In the fields of classical artificial intelligence and knowledge engineering, the semantic networks are expressed by the use of the so called ontologies, whereas the hierarchical categories are defined by taxonomies. Though the term ontology brings with it the heritage of a very strong philosophical commitment (Guarino 1998), ontologies are usually defined in a more pragmatic way as a formal, explicit way to define entities, relations, rules and constraints (Uschold & Gruninger 1996; Noy & McGuinness 2001).

The design of meaningful, useful, flexible and coherent taxonomies and ontologies is one of the main goals of the information architecture, to provide to the users an effective way to find what they are seeking. Design for wayfinding is the first principle suggested by Wodtke (2002): “The goals of wayfinding are to let people know where they are, where the things they’re looking for are located, how to get to those things they seek”. In an interview with Marcos (2007), Peter Morville claims that “Findability is the major problem with most large web sites today, and information architecture is a big part of the solution.”.

In approaching this endeavor, an information architect can make use of different methodologies. There are fields of knowledge where well established taxonomies are olready at our disposal: the biblioteconomy is the best example of such a case. In other fields, powerful taxonomies have been developed by the scientific research. In all the other cases, however (and they represent the most frequent cases in the work of information architects) such a predefined taxonomy does not exist.

In those circumstances, the information architect needs the help of another person. Common sense suggests they should ask the experts, because they know the field of knowledge better than others and they should already have in mind a taxonomy, often very precise and detailed.

The user-centered design advice, however, is to focus our attention toward the end users (Maguire, 2001), and usually the users of the artifact we are designing are not the experts, but people whose level of expertise can be very different. The naive, implicit taxonomy of the end users can be significantly different from the one of the experts. This is one of the reasons why the involvement of the experts, though necessary, could be insufficient to develop a taxonomy that fits the needs of the users.

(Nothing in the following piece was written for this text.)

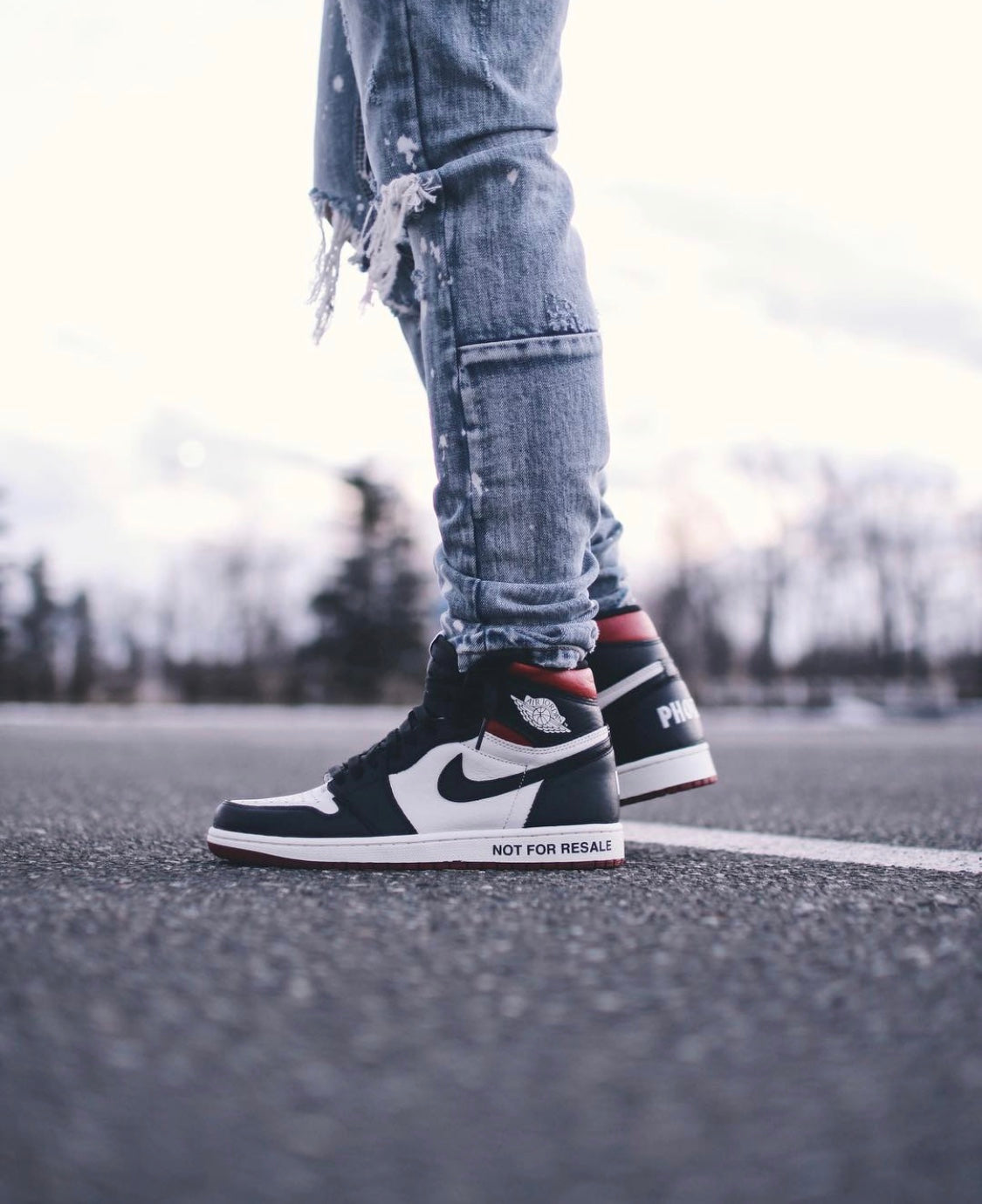 BL - AJ1 No resale of black and red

A participatory approach can overcome this problem; methods like card sorting are used by information architects (Nielsen & Sano 1994; Rugg & McGeorge 1997; Coxon 1999; Maurer & Warfel 2004; Nielsen 2004; Fincher & Tenenberg 2005; Spencer 2009), social scientists (Ameel et al 2005) and psychotherapists (Upchurch et al 2001), to elicit the implicit knowledge of the users.

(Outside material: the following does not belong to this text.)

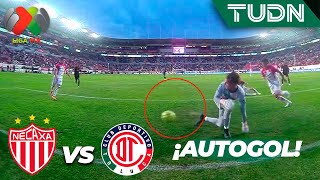 😳 ¡NO SE PUEDE CREER! Qué terrible autogol | Necaxa 2-2 Toluca | CL2024 - Liga Mx J6 | TUDN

The aim of this paper is to emphasize the importance of a participatory approach in the definition of an information domain taxonomy, to propose different measures of the fitness of a taxonomy, and to propose an algorithm to provide a contextual navigation that could overcome some findability issues.

The next chapter is devoted to a short review of the cognitive theories of categorization and to some research work that underlines how different groups of people, with diverse goals, would generate dissimilar taxonomies. These findings will be used to justify the adoption of a participatory approach, and also to highlight how even the best taxonomy would not be free of problems.

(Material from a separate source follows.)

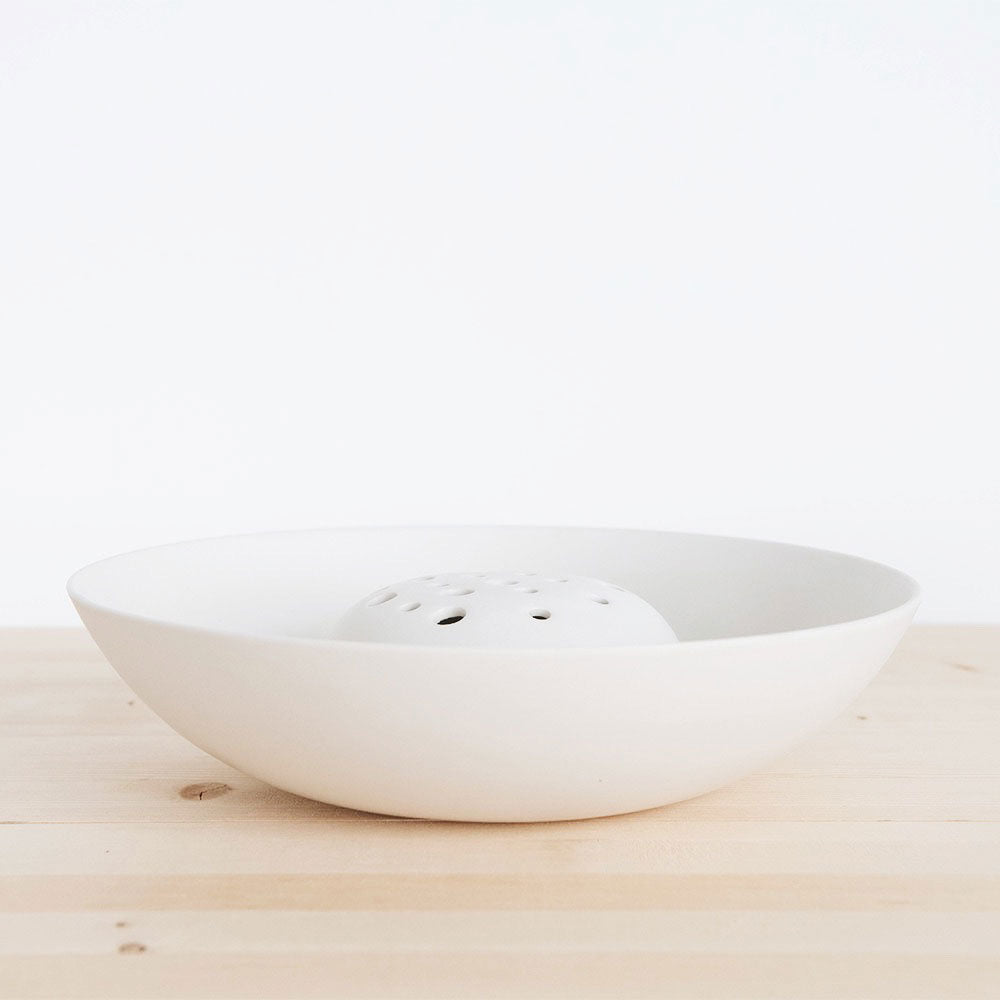 Ceramic Flower Frog Bowl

When dealing with taxonomies, domain experts, final users and information architects would all recognize that some items are more difficult to classify than others, and that some solutions seem more satisfying than others. A measure of the goodness of a taxonomy could therefore help their work. In Chapter 2.2 three different indexes will be presented.

The consensus analysis is aimed to measure the concordance among participants and to verify the presence of significant differences among groups of subjects. The correlation between samples’ similarity matrices has been proposed by Tullis and Wood (2004) to measure “how many users are enough for a card sorting study” here, a variation of the method will be proposed that can give the practitioner a first suggestion to identify the more problematic items of a domain.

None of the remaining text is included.